The streamlit app is developed upon a classification model that is trained on a Portuguese banking institution data to make predictions whether a bank customer would subscribe to a term deposit. For model training, full data set is deployed, with approximately 41.4k rows and 21 columns. Then, the trained model is prepared for cloud deployment. The full workflow can be found down below.

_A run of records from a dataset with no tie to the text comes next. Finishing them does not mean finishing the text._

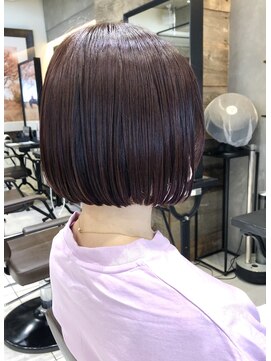 トルネード(TORNADO) 切りっぱなしボブ　タンバルモリ　韓国風　チェリーブラウン☆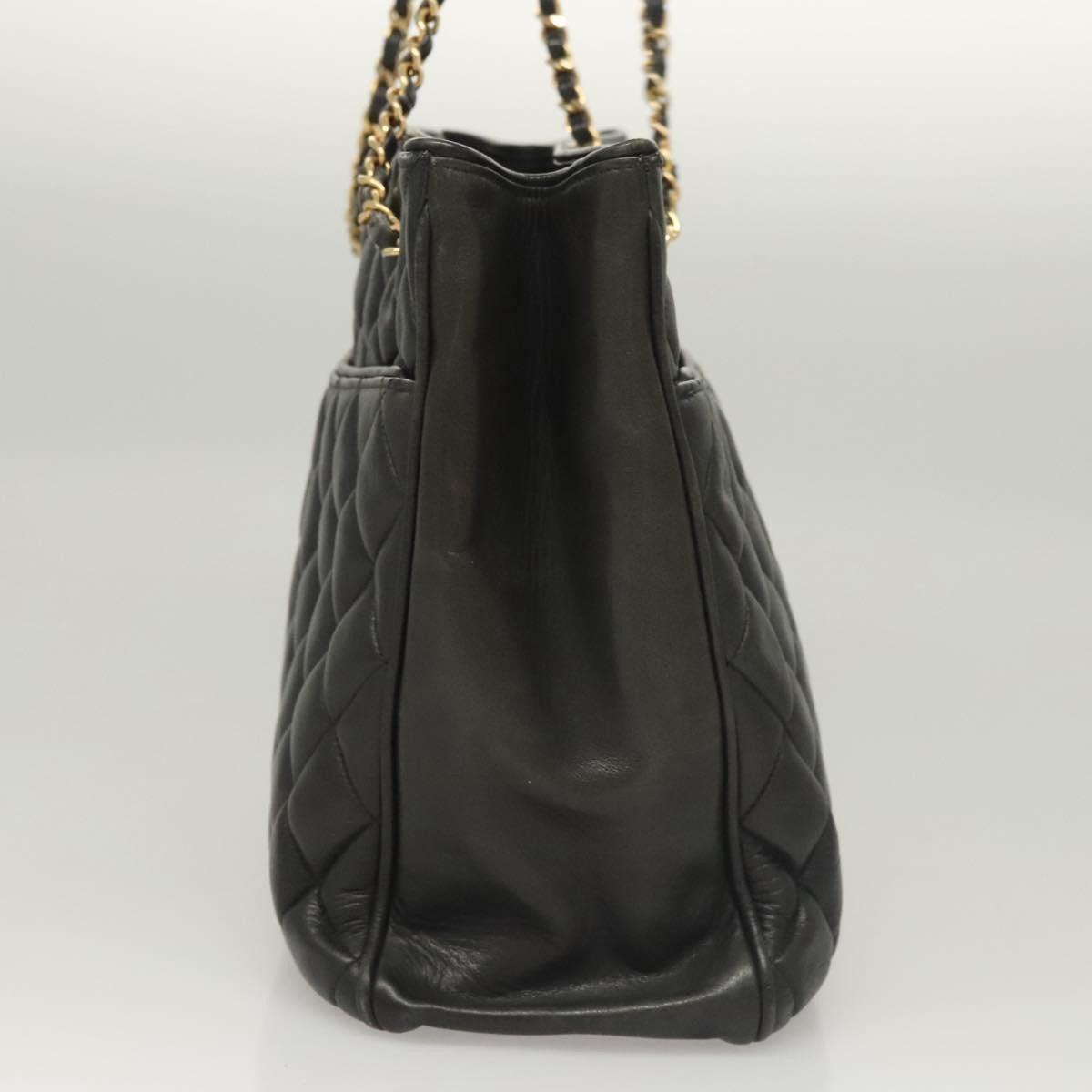 Chanel Chain Shoulder Bag Leather Black Leather Shoulder Bag Bag (Pre-Owned)
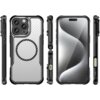 Na zdjęciu widoczne jest czarne etui na telefon z serii HURTEL Leading Series MagSafe, przeznaczone do Apple iPhone 16 Pro, z wyraźnym okrągłym wzorem na tylnej części. Etui ma teksturę przypominającą włókno węglowe i wycięcia na aparat oraz przyciski.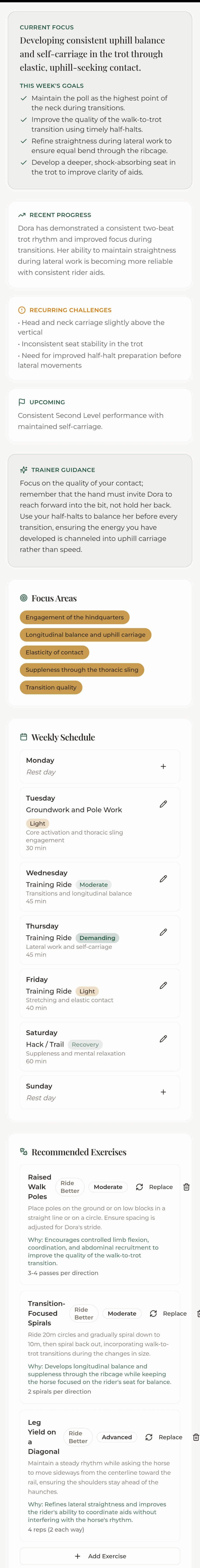 Ride Better app — Training plan screen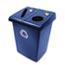 Rubbermaid® Commercial Glutton Recycling Station, Two-Stream, 46 gal, Blue Thumbnail 1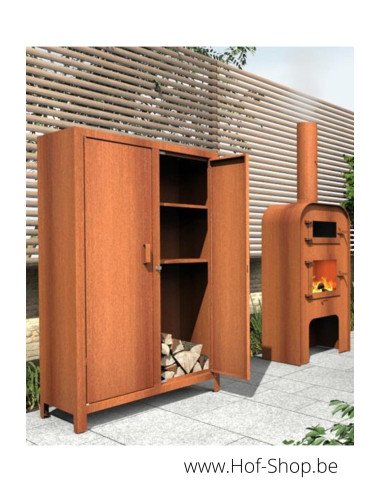 Houtopslag met deuren - wood storage in cortenstaal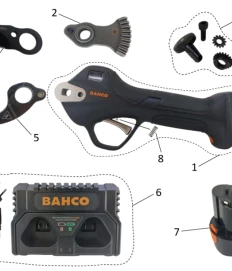 Vue éclatée Vue éclatée sécateur à batterie BAHCO BCL226 - Sécateur à batterie BAHCO BCL226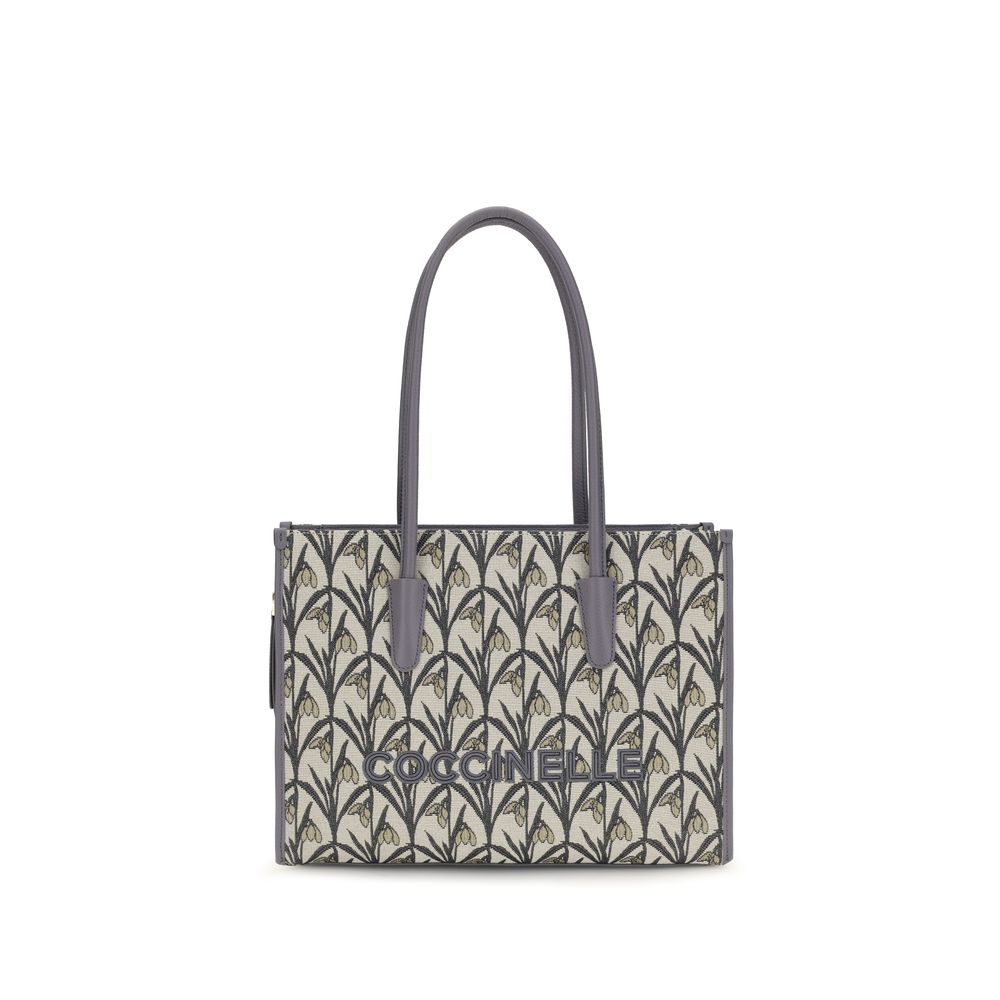 Coccinelle Gray Jacquard Shoulder Bag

The model is uploaded to streamlit for public use to demonstrate applicability and performance of the trained model. The model is consisted of 6 features, which are selected by RFECV algorithm as the most significant variables in terms of variance explanability. Trained model is capable of making prediction with approximately 95% accuracy with following features;
- Occupation
- Last contact day of the week
- Number of contacts performed during this campaign and for this client
- Outcome of the previous marketing campaign
- Consumer price index - monthly indicator
- Euribor 3 month rate - daily indicator
Responses are converted to binary variables, which were labeled as "Yes" and "No" originally, for model development purposes. Approximately, 89% of the labels are "No", or 0, and the remaining are "Yes", or 1. Thereon, two different approaches were followed to develop the best model in terms of higher prediction capability.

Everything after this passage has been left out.